Road is a 2014 BBC documentary film narrated by Liam Neeson about the Dunlop family from Northern Ireland who dominated motorcycle road racing for twenty years. Northern Ireland and the Isle of Man are almost unique in holding motorcycle races on (closed) public roads. 

The film follows the racing careers of Joey Dunlop (1952–2000), who won five consecutive TT Formula One world titles and his brother Robert Dunlop (1960–2008), whose sons Michael (born 1988) and William (1985–2018) were successful road racers.

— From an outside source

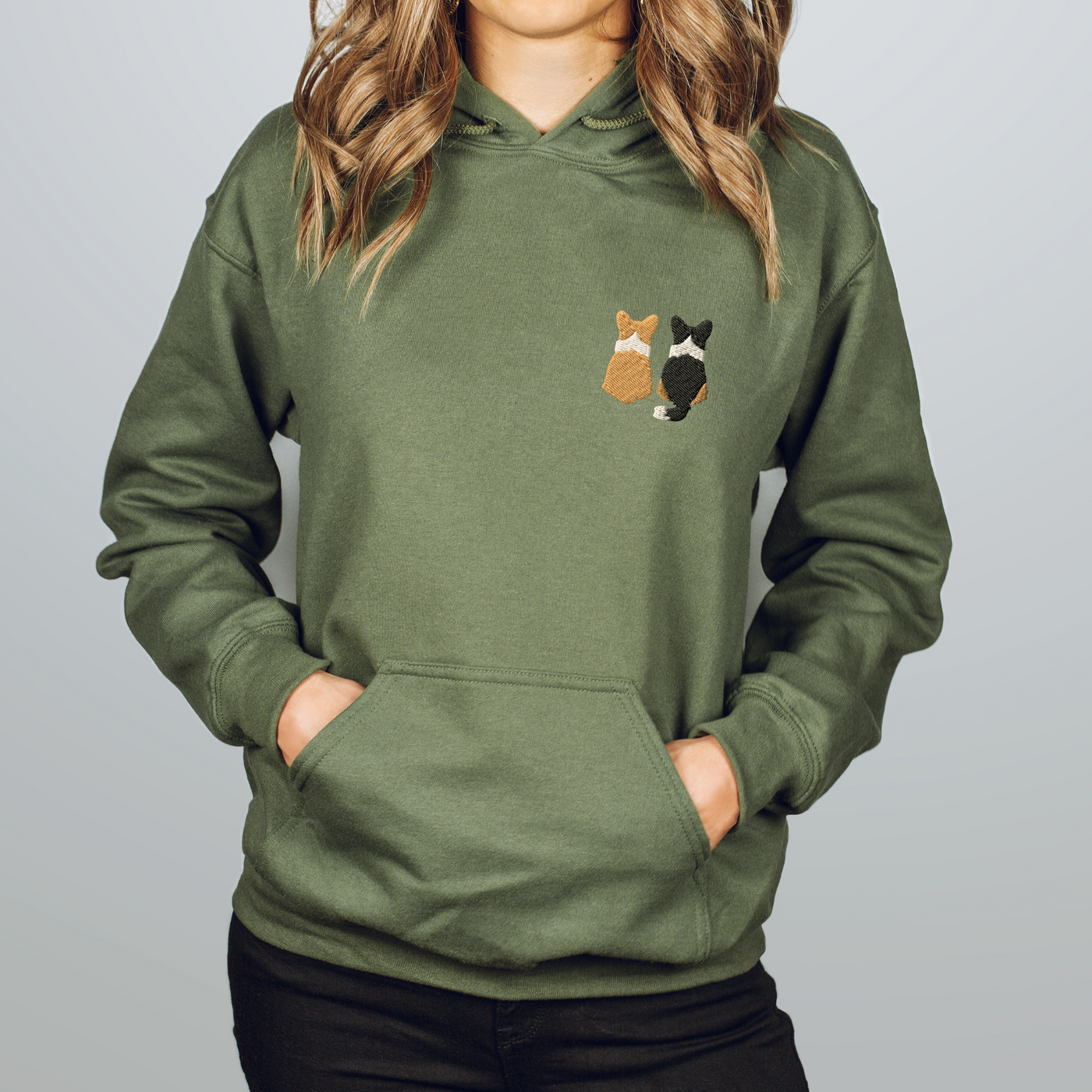 corgi hoodie for corgi lovers | pembroke corgi gift | Cardigan corgi gift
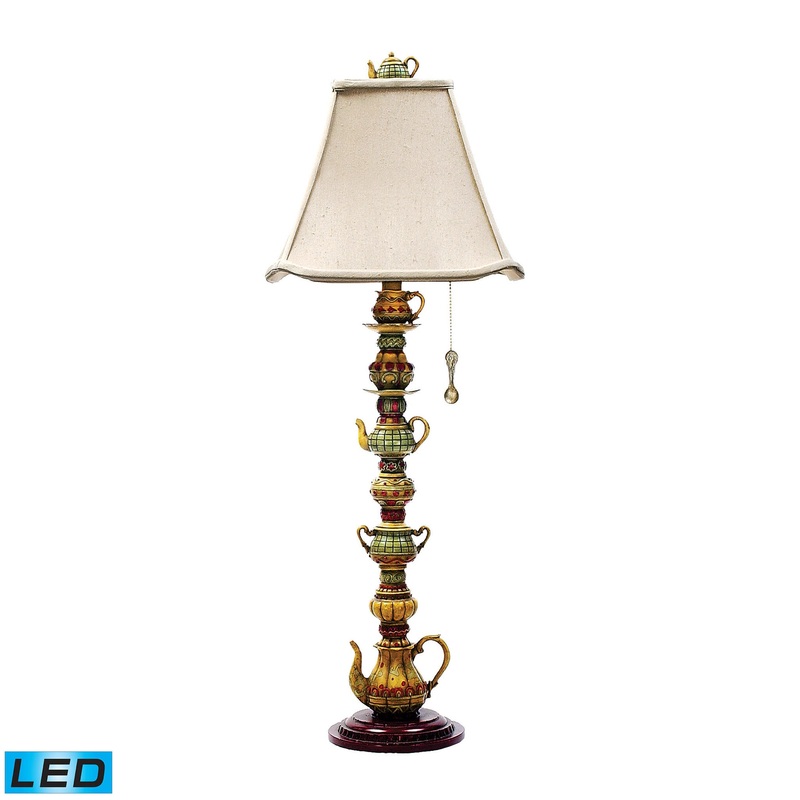 Dimond Lighting Tea Service Candlestick Lamp in Burwell Finish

Joey Dunlop was notable off-track for his humanitarian work among orphanages in the Balkans. He was killed during a race in Tallinn, Estonia, when his bike left the track and crashed into a tree.
Robert Dunlop suffered multiple injuries after his rear wheel collapsed during the 1994 Formula One TT, but after two years' rehabilitation returned to racing in the Super Lightweight class on a bike specially modified to accommodate his damaged leg and wrist. He died during a practice lap before the 2008 North West 200.

The film comes to a climax when Michael, a legitimate entry to the 250cc race of that competition, but against the strong wishes of the organisers, forced his way onto the starting grid on 17 May 2008, two days after the death of his father and the day before the funeral, and won the race.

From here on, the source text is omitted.